Stijn Debrouwere (right) is down in Cedar Rapids, Iowa, thinking great thoughts about the future of media. (Photo: Flickr.com)

 

Every once in a while — OK, pretty often, actually — I run across something so smart it makes me wish I’d written it. I ran across such an item by a guy I’d never heard of on a site I’d never heard of. But I expect I’ll be hearing more about him in the future.

Stijn Debrouwere lives in Cedar Rapids, Iowa, where he creates information architecture for the local newspaper and TV station. And he recently posted on his blog a long item about the many information sources that are replacing traditional journalism.

It’s worth a read, but I’ll highlight a few of his key points. Some of these bullet points are direct quotes and some are my paraphases.

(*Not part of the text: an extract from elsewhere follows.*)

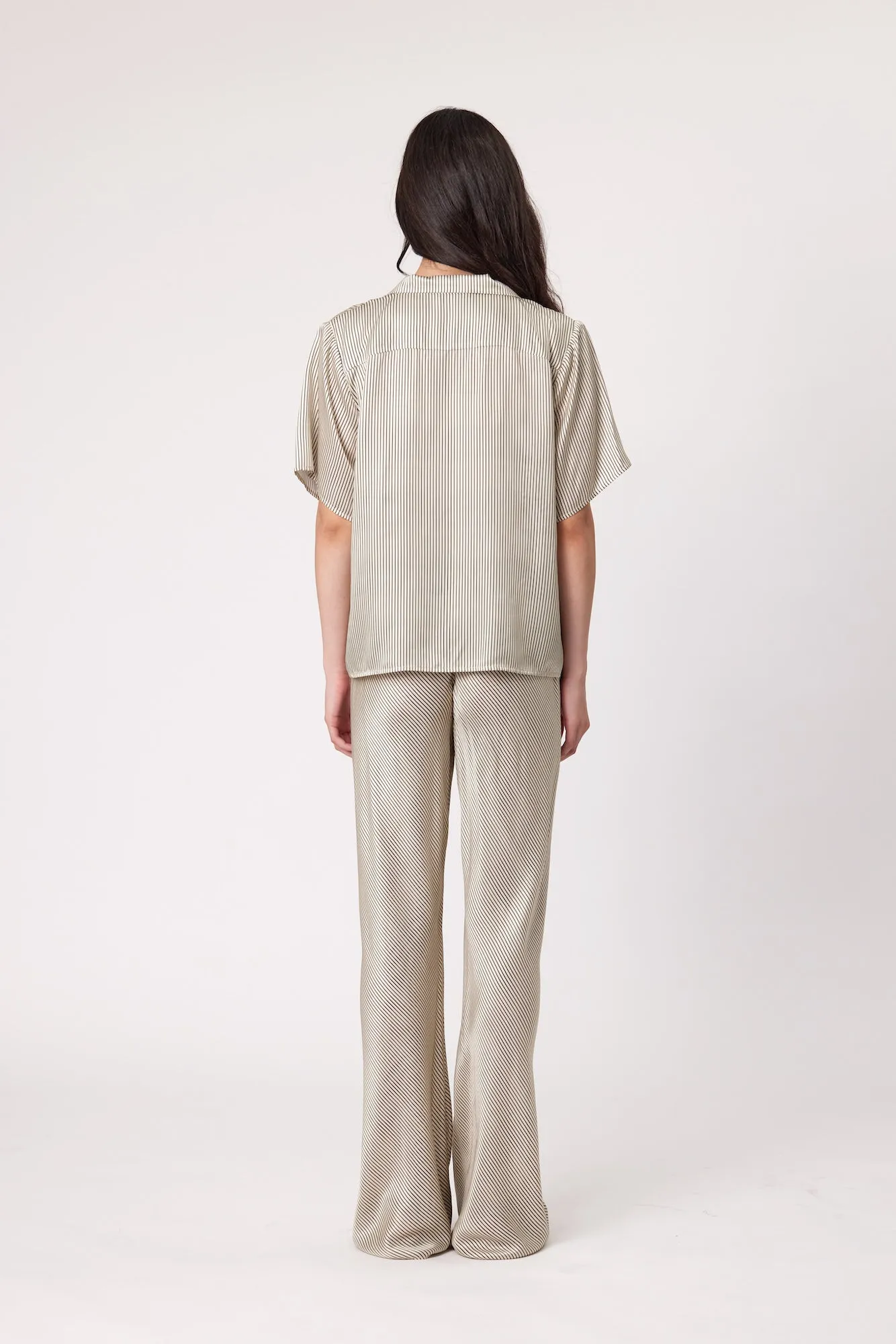 BRIXTON SHIRT - IVORY STRIPE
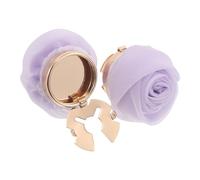 MAGICLULU 2pcs Flower Button Cover Cufflinks Fabric Metal Elegant Flower Shaped Versatile Accessory with Timeless Appeal for Formal Occasions and Weddings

  • People used to read about music because that was one of the few ways you could explore music in the pre-Web era. With services like Spotify and Rdio, you don’t need to read about new music — you can discover it immediately, with no intermediary.
  • Follow the right people and organizations on Facebook and Twitter, and you’ll find out what’s happening close to you, straight from the source. LocalWiki, Pinwheel, Facebook, Twitter and Foursquare clearly do not replace a good local newspaper, but they offer a combo that is increasingly becoming good enough.
  • Quora looks like a simple Q&A site, but it’s also a reinvention of the ask-an-expert column you can find in almost any newspaper and magazine.
  • There are organizations and websites everywhere that are taking over newspapers’ role as tastemaker and watchdog and forum. These disruptors don’t replace investigative reporting, but they replace the other 95% of what made professional news organizations important.

“This is not sharing cat pictures, this is stuff that matters,” he writes. “People can read the health section in their newspaper and get drip-fed badly researched advice about how to live a healthy life, or they can visit the NIH or the Mayo Clinic online, or create an account on one of the many bulletin boards about anything from fitness to dealing with cancer.”

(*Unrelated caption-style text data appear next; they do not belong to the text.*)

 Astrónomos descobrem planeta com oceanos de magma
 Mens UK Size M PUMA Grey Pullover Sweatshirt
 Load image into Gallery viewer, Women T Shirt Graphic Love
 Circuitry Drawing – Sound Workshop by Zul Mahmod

The traditional media haven’t found the right ways to get people to pay for news and media online, but these other sites have. It’s not journalism as we’ve known it, but it’s information that matters in people’s lives.

While the traditional media cry in their beer, Debrouwere writes, the rest of the Web world is “having a party on the other side of the river with their not-really-reporting and sort-of-journalism and maybe-media.”

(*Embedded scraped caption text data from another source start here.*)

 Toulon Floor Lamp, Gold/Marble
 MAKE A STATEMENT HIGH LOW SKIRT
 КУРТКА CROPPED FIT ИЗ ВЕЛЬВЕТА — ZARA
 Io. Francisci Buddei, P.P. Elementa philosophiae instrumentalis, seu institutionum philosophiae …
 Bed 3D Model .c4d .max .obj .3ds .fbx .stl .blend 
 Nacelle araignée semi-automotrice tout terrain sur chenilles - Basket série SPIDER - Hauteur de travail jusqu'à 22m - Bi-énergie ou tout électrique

Journalists are slowly realizing that their competition isn’t just other online news sites and services; it’s every other thing that is competing for people’s time, attention and money online.

I’ve been reading these essays on the future of journalism for at least five years. I’ve read dozens, maybe hundreds of them. Debrouwere’s is one of the clearest and smartest I’ve seen. If you’re at all interested in how people get and use information (and most people reading this blog are), it’s worth a look.